ABOUT THIS EXERCISE: Repeat the listing exactly, line by line, and leave the pictures behind.

SOURCE DATA:
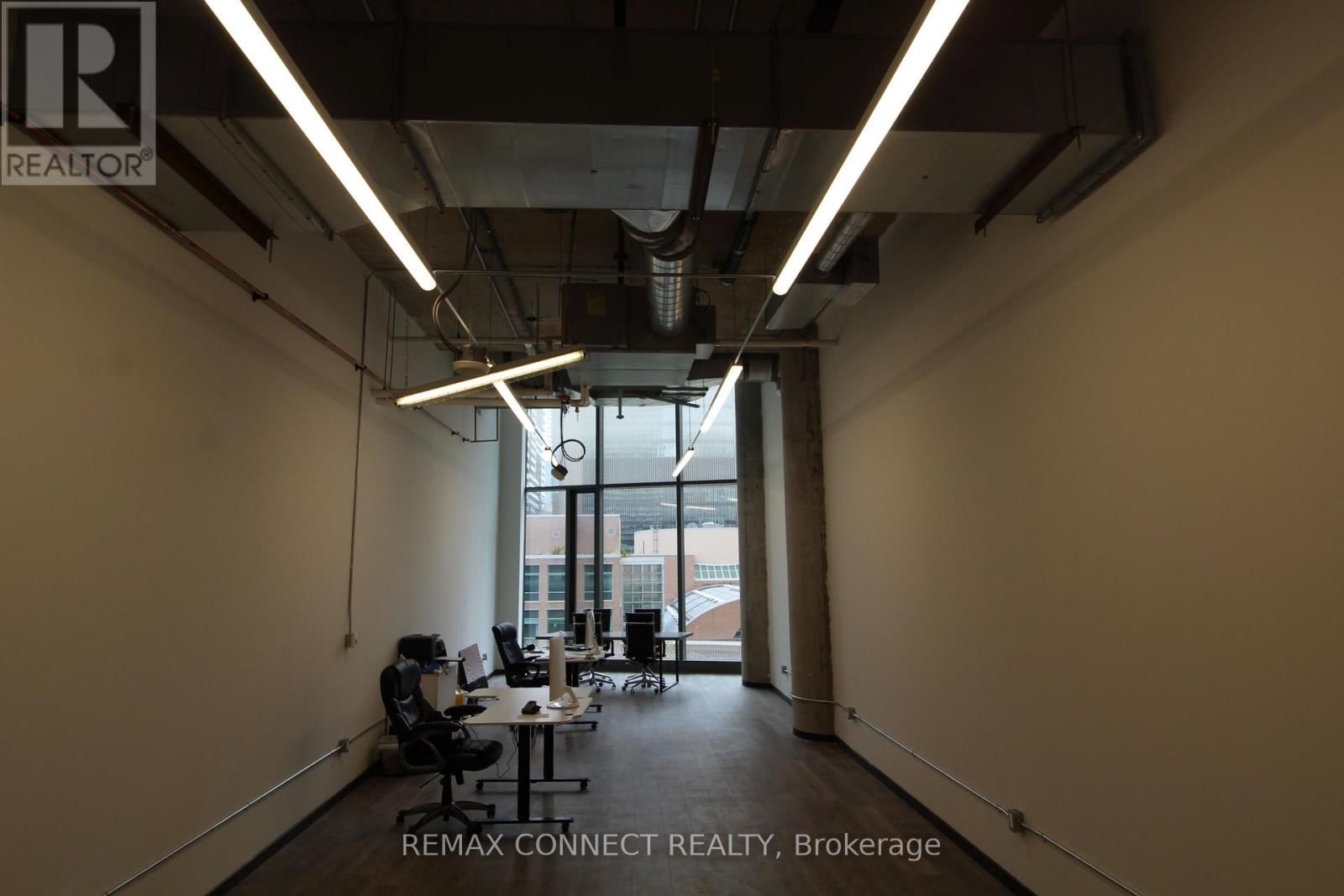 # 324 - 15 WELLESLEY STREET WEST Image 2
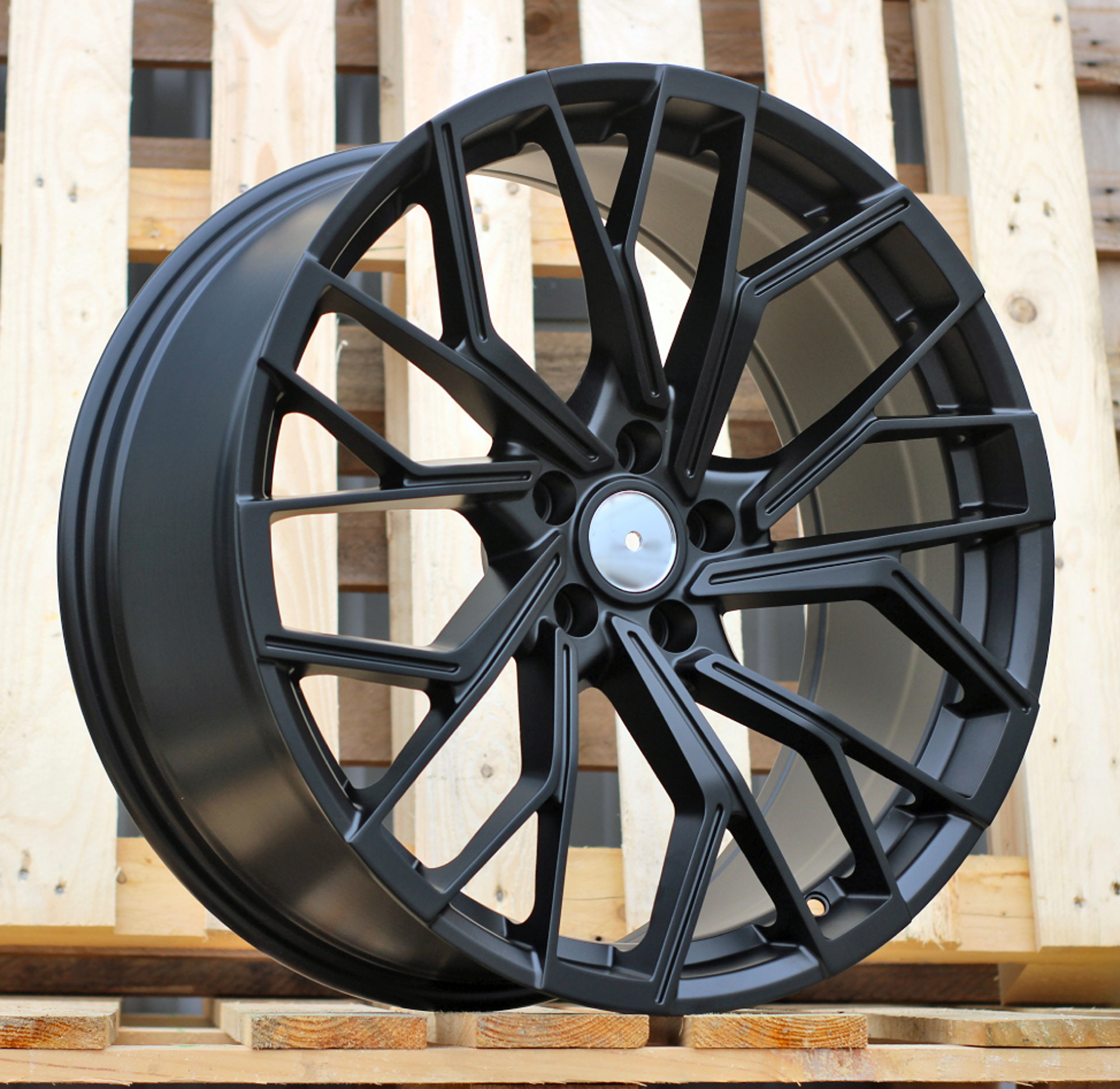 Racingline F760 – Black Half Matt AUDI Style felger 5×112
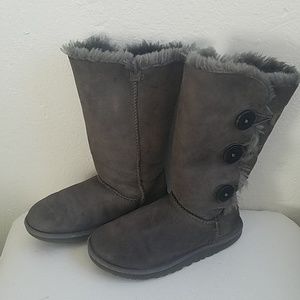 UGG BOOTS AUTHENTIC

RESPONSE TO THIS EXERCISE:
 # 324 - 15 WELLESLEY STREET WEST Image 2
 Racingline F760 – Black Half Matt AUDI Style felger 5×112
 UGG BOOTS AUTHENTIC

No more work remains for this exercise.